2 years ago, I join acne.org. The people here were very understanding and kind to me. A lot of you help me out with things such what products to choose, helped motivate me, and inspired me. Now I wanna inspire you. 2 years ago, I was not the person I am today. I used to be a turtle in its shell that never popped its head out to see the world much. I also never tried to have anything to do with girls. Had no job, no license, nothing. But as of today, I am a licensed driver, GED graduate, and also have a fun job. Also have been talking to girls a lot more especially this certain girl at work. I used to think to myself day in and day out, "I'll never be worth anything, always be a monster, and have nothing". Well seems as though I underestimated myself back then, turns out I had it in me all along. I used to didn't wanna have nothing to do with going ANYWHERE at all. Anytime someone would mention something about going out, I would always say "no" from mouth, but "yes" in my mind.

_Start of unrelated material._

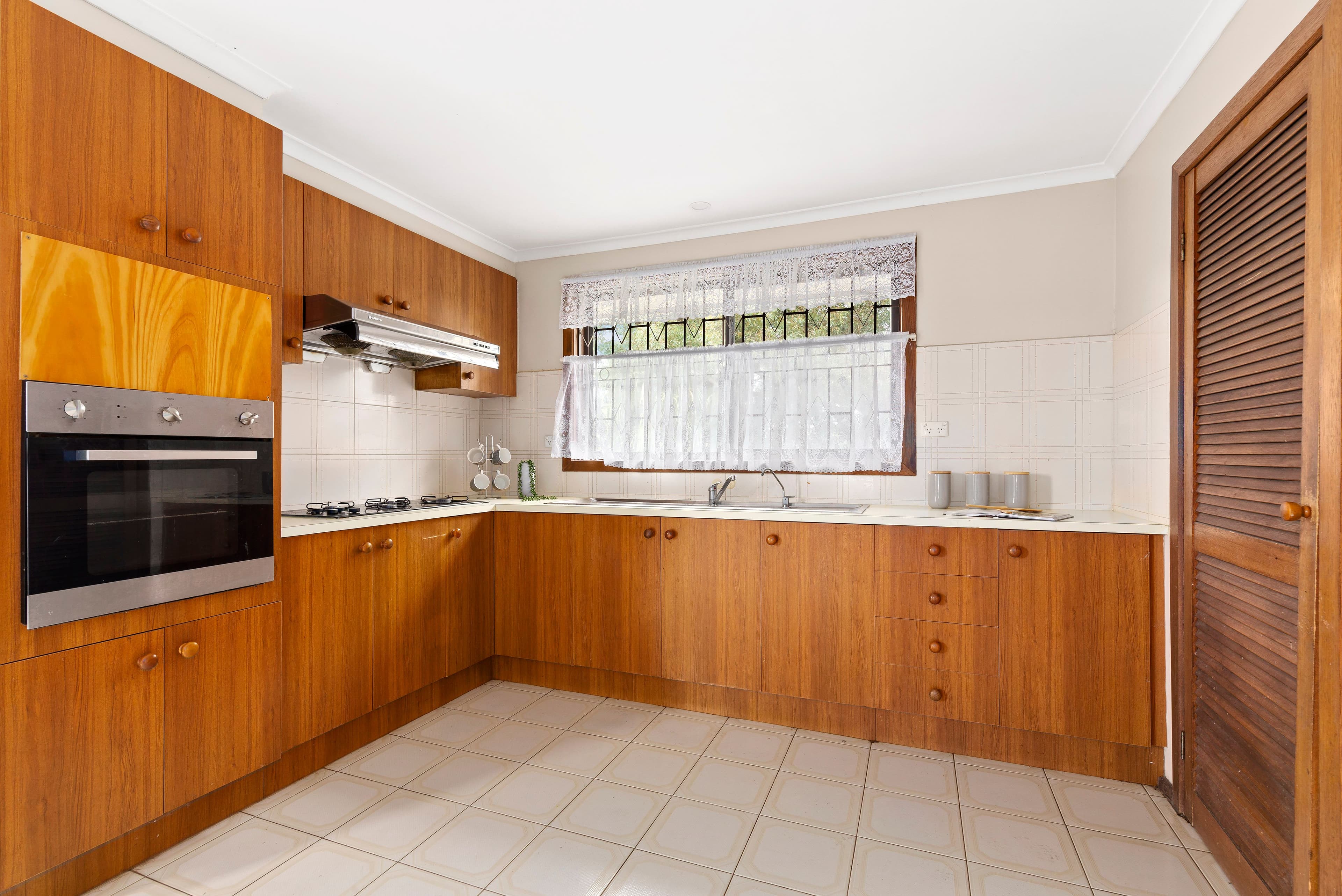11 Tonelli Crescent, Mill Park VIC 3082, Mill Park - Thumbnail 4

One life changing day, I snapped and said, "I can't take this life of self solitude anymore". And thats when getting my licenses all started, I remember be so nervous that I couldn't even write straight, my words looked like a 3 year old wrote them. But it was only the beginning of getting my life back on track that acne slammed me off of, and I hadn't been around people much for so long, so of course I was nervous. I had pass the written test just barely, then came my months of learning how to drive, I got it down pretty well. Next then came the true test, I, Once again, passed with barely just enough points, but I was screaming for joy so much at that point I didn't care how many points I mess, as long as I passed.
Next on my list was a job. I had searched many places and filled out many application, finally... A job appeared and an interview had been set. I actually came on here before the interview and asked you guys for support, thanks for that. When I went in, I was just as nervous or if not more nervous than when I went for the driving test. I went in and was out in maybe 10 mins. I kept my hopes up and pushed my acne worries to the side. 2 days later I got the phone call saying I will be hired, once again, I screamed for joy. My life seemed to get more on more back on track finally.
When I went in I didn't say nothing to nobody hardly. But as days turned to months, I had noticed a HUGE improvement in my confidence, I talk to everyone there and everyone seemed to take a liking to me, I always help people at work, and try and be fun to work with. As of next month, I will have been there a full year. My confidence with girls definitely improved since I meet this one girl, I talk to her all the time at work and shes so cool, and we have a lot in common. Shes a girl I never thought that would ever talk to guy like me, but it was only acne that made think that.
After the job the next thing I thought, no, not thought, I NEEDED to do this. Get my GED. I never went all the way through school, so I thought it would be best to have this, not only has a necessity, but an accomplishment. Well after 7 months, I finally achieved it, something I always had doubts about obtaining. But I did, and had to give myself a pat on the back.
The moral this story is, You are, you. Acne is not the one in control of you, you are. You can easily overthrow it with just a little practice. And all you have to do is be around people more, and you'll learn most of them just don't care. Yeah, you have someone occasionally glance over at you, but whatever, it happens anyway, acne or not.
If I can do it, so can you. I suffered from the most severe acne of all, Acne conglobata. And with all these scars and marks its left me, I still choose to live my life. You might sit there with a few pimples on you face, saying, "I'm the most ugly person ever", well I wish I was you my friend, I'd trade all the acne and scars anyday for a few pimples.
You only have one life to live, so live it. At first you might be scared but it will blow over before you know it. You have that life in you, you so desperately want to live. So live it. And I wish you all the best.